We know from Gramsci that coercion is not cheap. Violence also requires the reproduction of consent to racial capitalism and part of this comes through the copspeak definition of reality. One of these is the police definition of force, a concept that refers to physical coercion and the “capacity to convince and control” (110). As the state has delegated legitimate violence to the police, criticisms of the use of “excessive force” or “unjustified force” end up sustaining the legitimacy of police violence. In copspeak, “force is the use of physical coercion to impose order, whereas violence is the domain of criminals and criminality and is the very thing that police force is arrayed against” (111). The counter-definition to this police view is that police is violence, it is force, it is enacted routinely, it is the fear of its routine practice.
“Legal violence is the principal dynamic that renders an equal exchange between cop and non-cop an impossibility” (103).
So, rather than the story that police tell of the thin blue line separating civilization from savagery, Correia and Wall want us to recognize “police as they are: an armed wing of the state out to defend the status quo, out to keep you in your place, out to protect business interests. Nothing more” (87). But there is something more. In their entries on Rape and the Body Cavity Search, Correia and Wall articulate how each of these forms of violence are central to policing, settler colonialism, and racial domination.
“This is because police power is a patriarchal power. The security state, including police, is animated by a masculine logic that seeks to call domination, in all its forms, protection” (48).
While articulating the relationship between (hetero)patriarchal power and the police in this passage, I find it troubling that the authors do not consistently draw feminist conclusions throughout the book. For example, the Rape entry concludes, “As long as we have cops and capitalism, we’ll have Officer Holtzclaws” (50). I have to insist that as long as we have heteropatriarchy and racial capitalism, which is to say gendered and sexualized racism, we’ll have state sexual violence.

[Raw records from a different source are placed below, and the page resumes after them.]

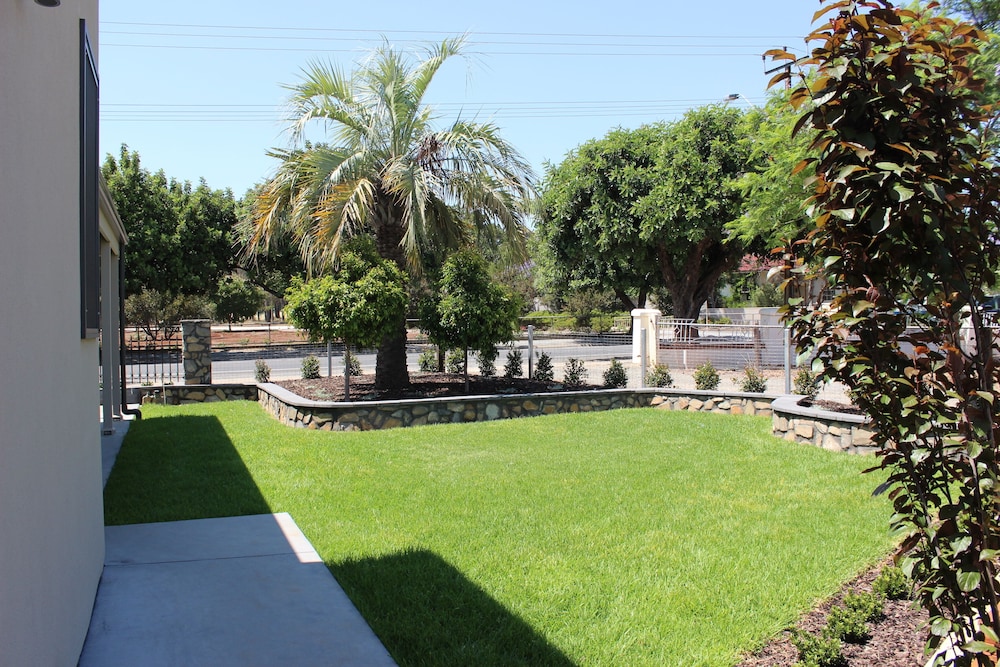 Garden, Barossa Bed & Breakfast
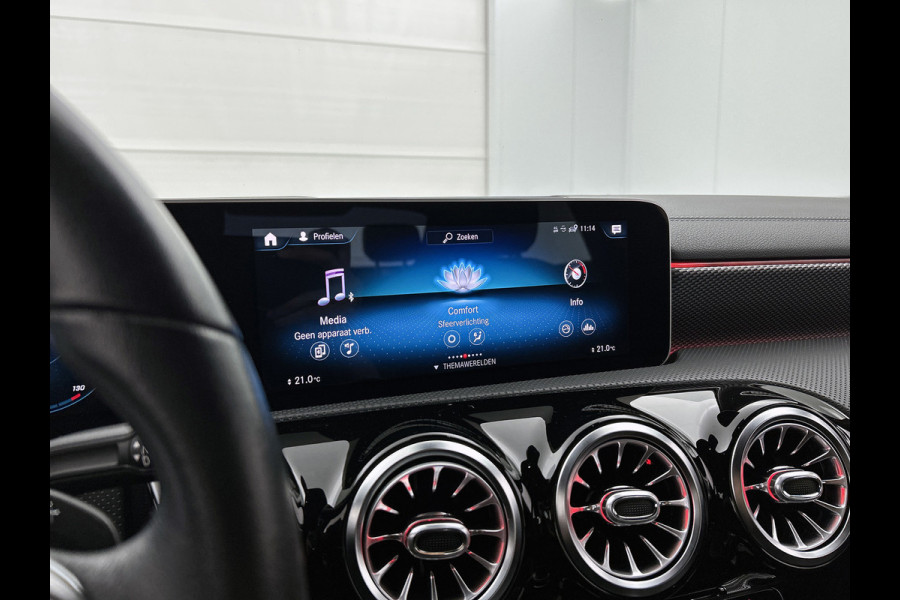 Mercedes-Benz CLA-Klasse 200 Business Solution Progressive(Dealer OnderH, SfeerV, Camera, Trekhaak, StoelV, Carplay, PDC, Etc)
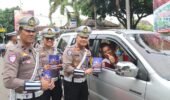 Operasi Zebra Semeru Polres Magetan Berbagi Bunga dan Coklat Ajak Warga Tertib Lalin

I am glad that these necessary entries are here, but I want to push for an analysis of police and its abolition more fully informed by Black feminist praxis. Andrea Ritchie’s Invisible No More does this work and follows on her book Queer (In)Justice: The Criminalization of LGBT People in the United States (2011) written with Joey Mogul and Kay Whitlock. Another key text is Beth Richie’s Arrested Justice: Black Women, Violence, and America’s Prison Nation. For Richie—a longtime activist in the anti-violence movement, co-founder of INCITE!, and professor of African American Studies and Criminology, Law and Justice at UIUC—the prison nation “reflects the ideological and public policy shifts that have led to the increased criminalization of disenfranchised communities of colors, more aggressive law enforcement strategies for norm-violating behavior, and an undermining of civil and human rights of marginalized groups” (3). Her concept prison nation
“points directly to the conditions that have made violence against Black women worse in recent years. The term connotes the set of conditions that surround the abuse; externally imposed state policies that control marginalized communities and limit access to services, resources, and power” (17).
Within a prison nation, failure to follow heteropatriarchal norms of loving (in public and private spaces) or family composition create the conditions for violence for marginalized Black women in particular.
This analysis confronts the everywoman paradigm created by the antiviolence movement, which created an understanding of domestic or IPV as social and not personal or private, but also failed to advance an analysis of gendered and sexual violence as uneven and interlocking with class and race. The articulation of the everywoman paradigm with the carceral state has facilitated the expansion of policing and prison nation. Richie concludes, “While one could argue that a conservative state agenda creates limitations for all women, ideological and substantive control of gender and sexuality are worse for Black women in communities that have been disadvantaged by divestment” (163).
Richie’s black feminist analysis is fundamental to understanding the scope of police abolition. If we return to Correia and Wall’s entry on the Patrol, we come to understand that the patrol is a particular production of space, and here they focus on how private property is “made, how it is defended, and how it comes to be so taken for granted that no discussion of its politics is even necessary” (177). In their entry on The Public, they talk about the “highly racialized, classed, and gendered dynamics of the public” (262).
“When certain publics take to public space to resist or contest the public authority and its role in inequality and injustice, then it is only a matter of asserting public order, or the security of the public good, over public space and public assembly” (263).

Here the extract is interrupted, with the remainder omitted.